*TASK REQUIREMENTS*
Below, some lines carry pictures; leave those pictures out and retype exactly the lines from the one with "Раковина встраиваемая Villeroy" through the one with "Pacific Trail 7.5'".

*STUDY MATERIAL*
================================
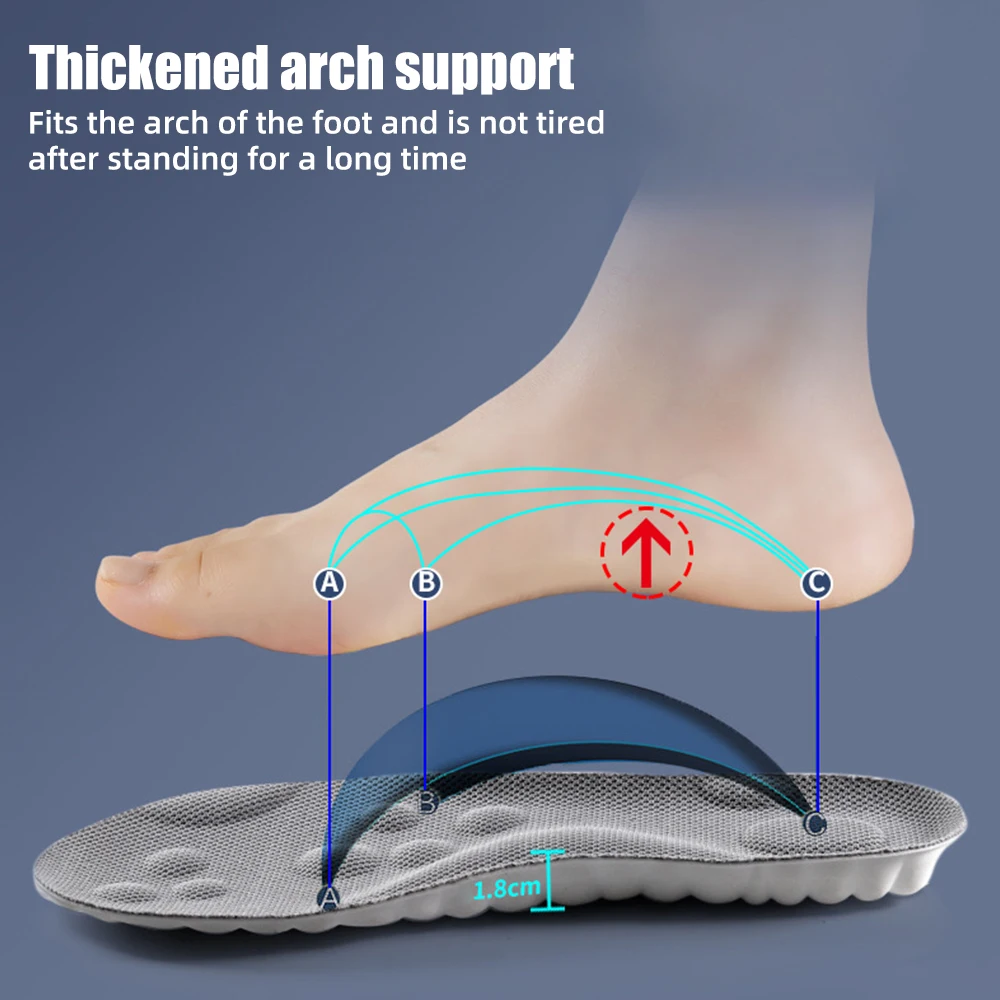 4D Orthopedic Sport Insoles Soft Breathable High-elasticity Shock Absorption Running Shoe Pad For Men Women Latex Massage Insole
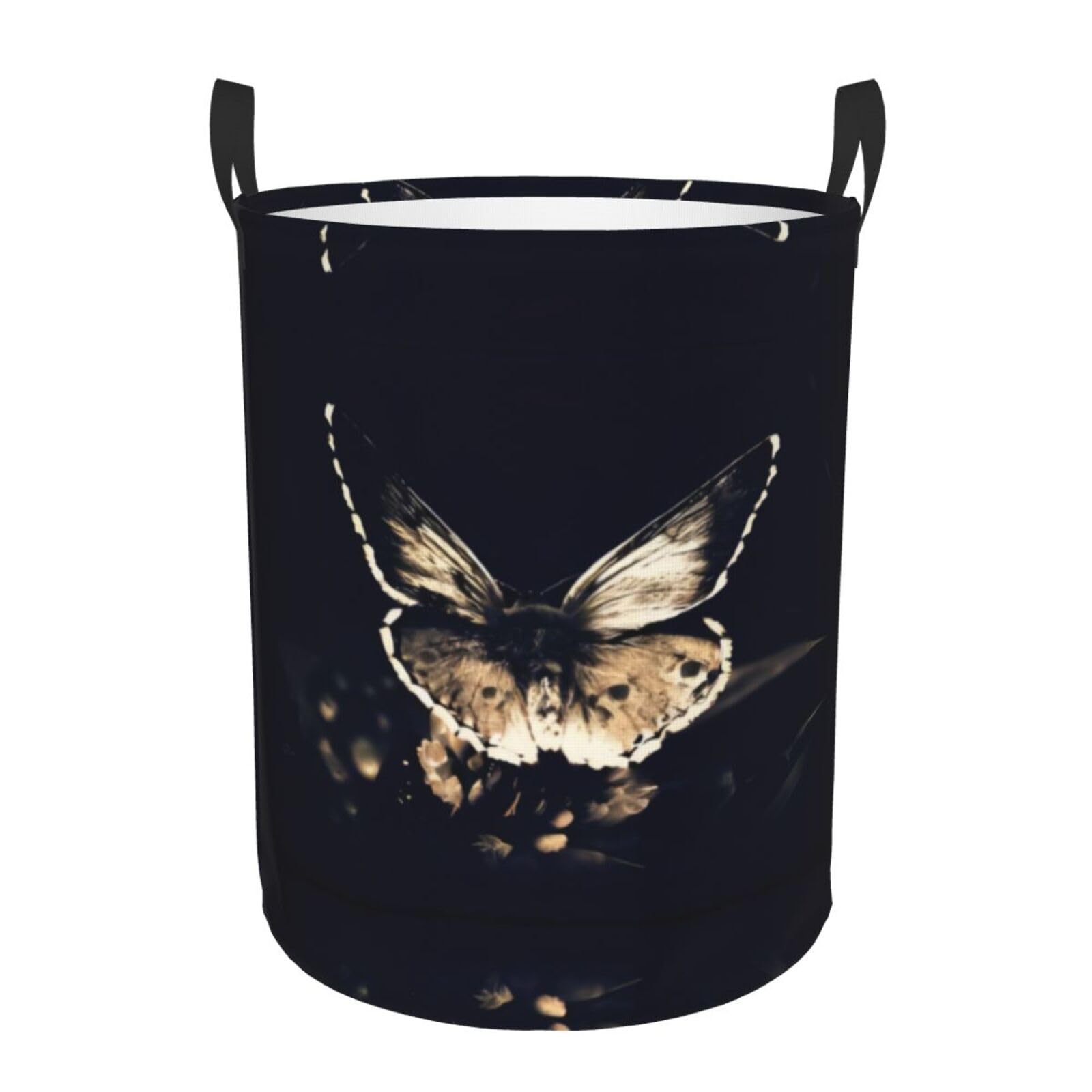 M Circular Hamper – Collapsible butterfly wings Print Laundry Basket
================================
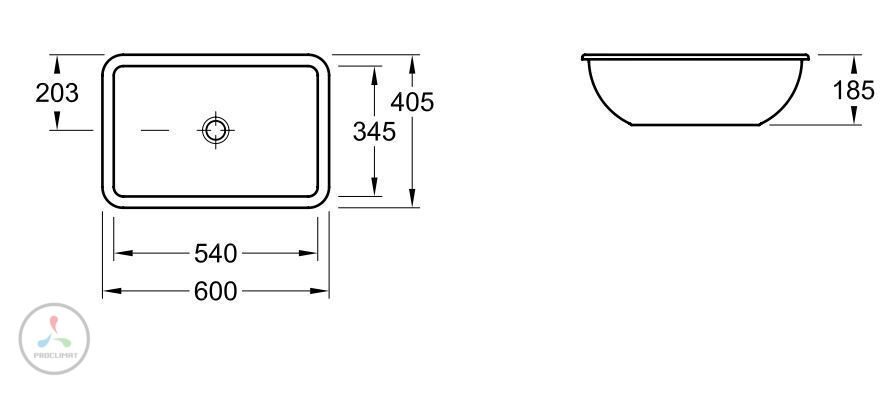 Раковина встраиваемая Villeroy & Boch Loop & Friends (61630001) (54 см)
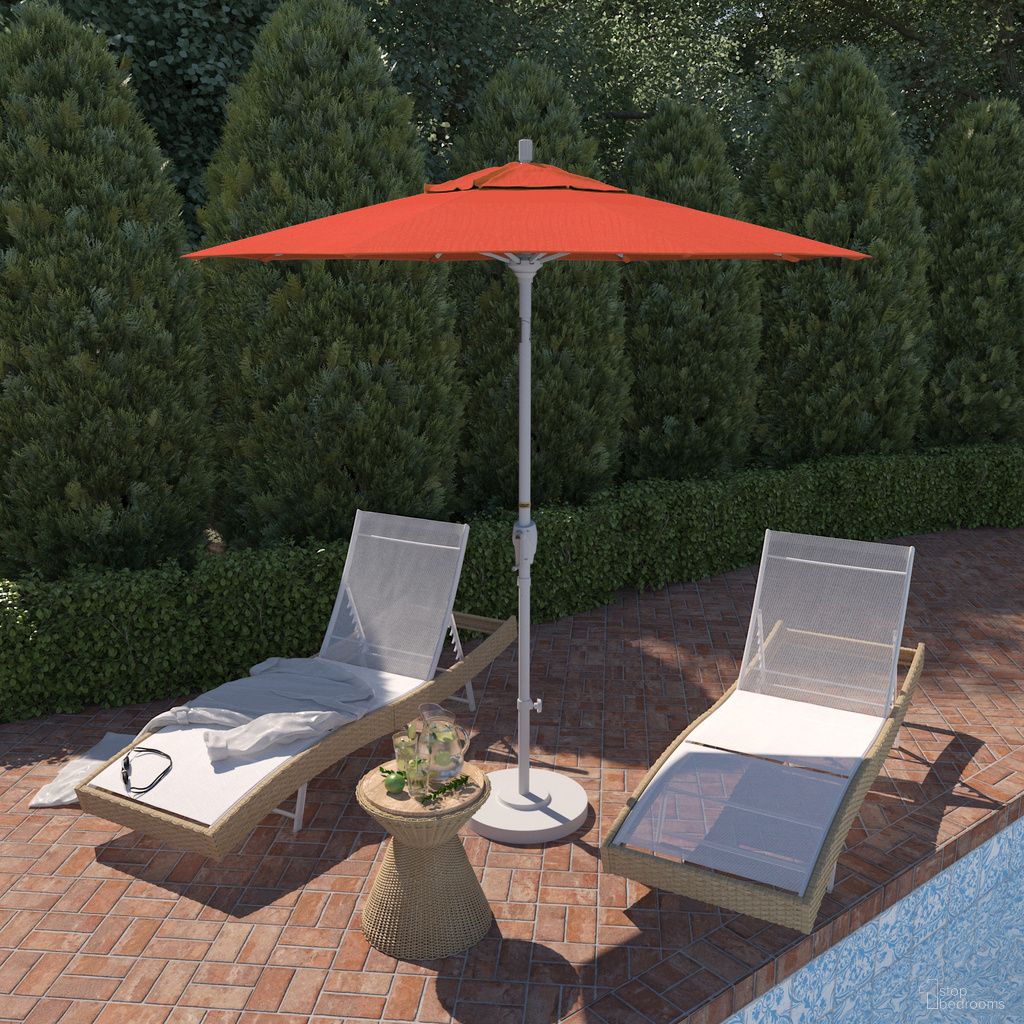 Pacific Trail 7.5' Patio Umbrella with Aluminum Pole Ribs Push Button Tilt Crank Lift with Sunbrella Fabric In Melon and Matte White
================================
*EXERCISE OUTPUT*
 Раковина встраиваемая Villeroy & Boch Loop & Friends (61630001) (54 см)
 Pacific Trail 7.5' Patio Umbrella with Aluminum Pole Ribs Push Button Tilt Crank Lift with Sunbrella Fabric In Melon and Matte White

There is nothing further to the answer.